Et nous donnons enfin le témoignage de Rabah Kheliff (capitaine) que nous avions rencontré quand il dirigeait la mosquée de Lyon, qu'il nous a fait visiter :
Interview il y a quelques années sur France Culture : (extraits)
"Je commandais la 4e Compagnie du 30ème BCP (Bataillon de Chasseurs portés) et ayant des renseignements, comme tous mes camarades, alors que j’étais le seul officier FSNA (Français de souche nord africaine), disions-nous à l’époque, dans cette unité de chasseurs.

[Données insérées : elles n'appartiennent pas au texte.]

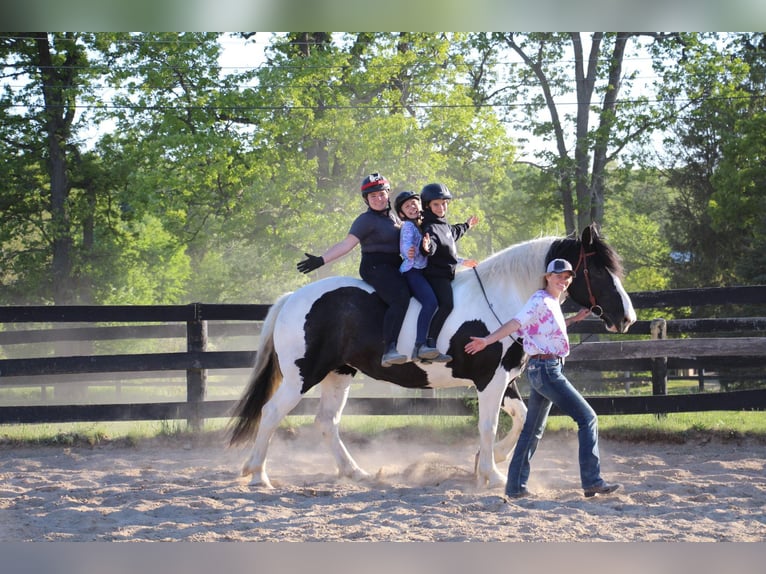 Percherón Yegua 12 años 173 cm Tobiano-todas las-capas in Highland MI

Ayant eu des renseignements qui m’affirmaient que les membres du FLN et des fanatiques « ramassaient » dans Oran et sur les routes les Pieds-noirs et bien sûr les Musulmans qui étaient pro-français, pour les amener dans des camions et les abattre ou les égorger, avant de les jeter en masse dans le Petit Lac, qui, paraît-il, actuellement serait cimenté, j’ai téléphoné au colonel commandant le secteur qui était mon patron hiérarchique le plus élevé et à son adjoint. Le commandant m’a dit : "Kheliff, je comprends très bien ce que vous ressentez, je vous laisse faire selon votre conscience, mais attention ! Je ne vous ai rien dit."
J’ai considéré cette réponse comme un feu vert et un encouragement. J’ai alors embarqué la moitié de ma compagnie et je me suis dirigé vers un des points de regroupement, qui se trouvait devant l’ancienne Préfecture à Oran et là effectivement, j’ai vu, d’un part une colonne, colonne par trois ou quatre, de femmes, d’enfants, de vieillards pieds-noirs, des centaines, qui étaient gardés par la valeur d’une section du FLN et qu’on s’apprêtait à embarquer pour une destination inconnue.

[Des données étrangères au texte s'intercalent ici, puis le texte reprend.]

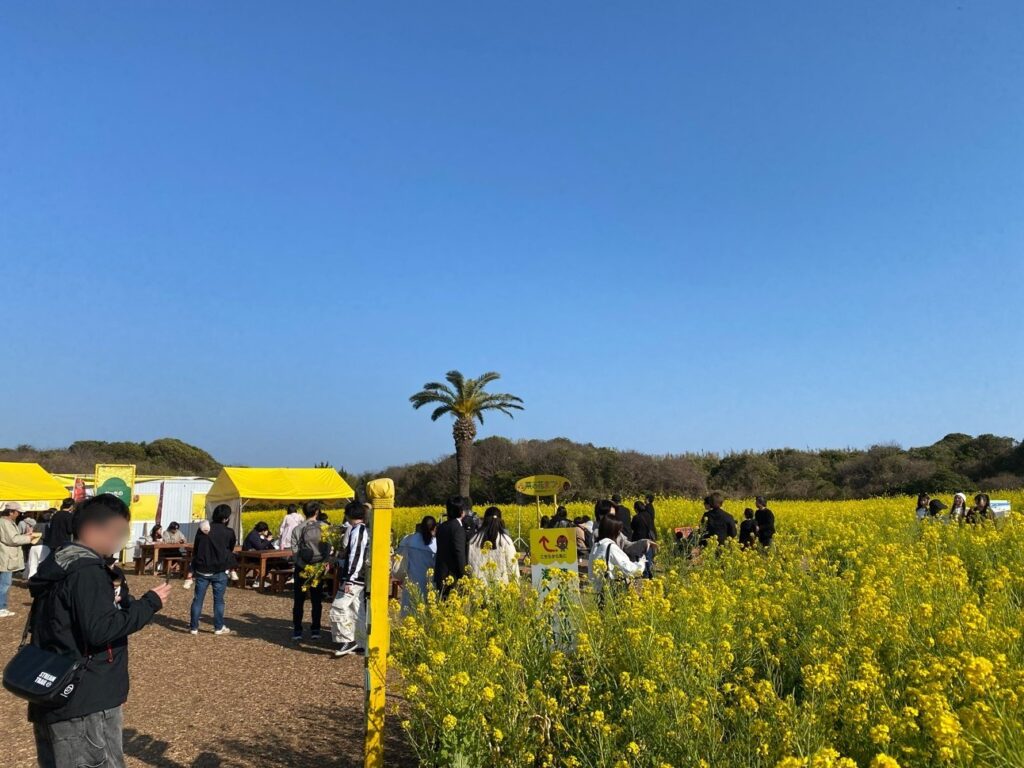 2026年渥美半島「菜の花まつり」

Devant la Préfecture, il y avait un planton. Je demande à ce planton où se trouve le Préfet. Il m’a montré un monsieur, petit, costaud, chéchia rouge qui grimpait les escaliers de la Préfecture. J’ai donc en trois enjambées rejoint ce Préfet et je lui ai dit : "Monsieur le Préfet, je vous donne trois minutes pour faire libérer tous ces gens-là. Sinon, je ne réponds plus de rien." Le Préfet en question n’a pas répondu, il est redescendu avec moi et il a été voir le patron de la section du FLN. La palabre n’a pas duré longtemps. Les gars du FLN sont montés dans leur camion, sont partis.
Le Préfet est venu avec moi : " C’est fait mon lieutenant ", et a dit aux gens terrorisés : " Mesdames, Messieurs vous êtes libres, vous pouvez rentrer chez vous ". Le Préfet est venu et m’a dit : « Je reverrai toujours cette scène hallucinante de femmes d’enfants et de vieillards qui pleuraient, poussaient des cris hystériques, courant, tombant les uns sur les autres… »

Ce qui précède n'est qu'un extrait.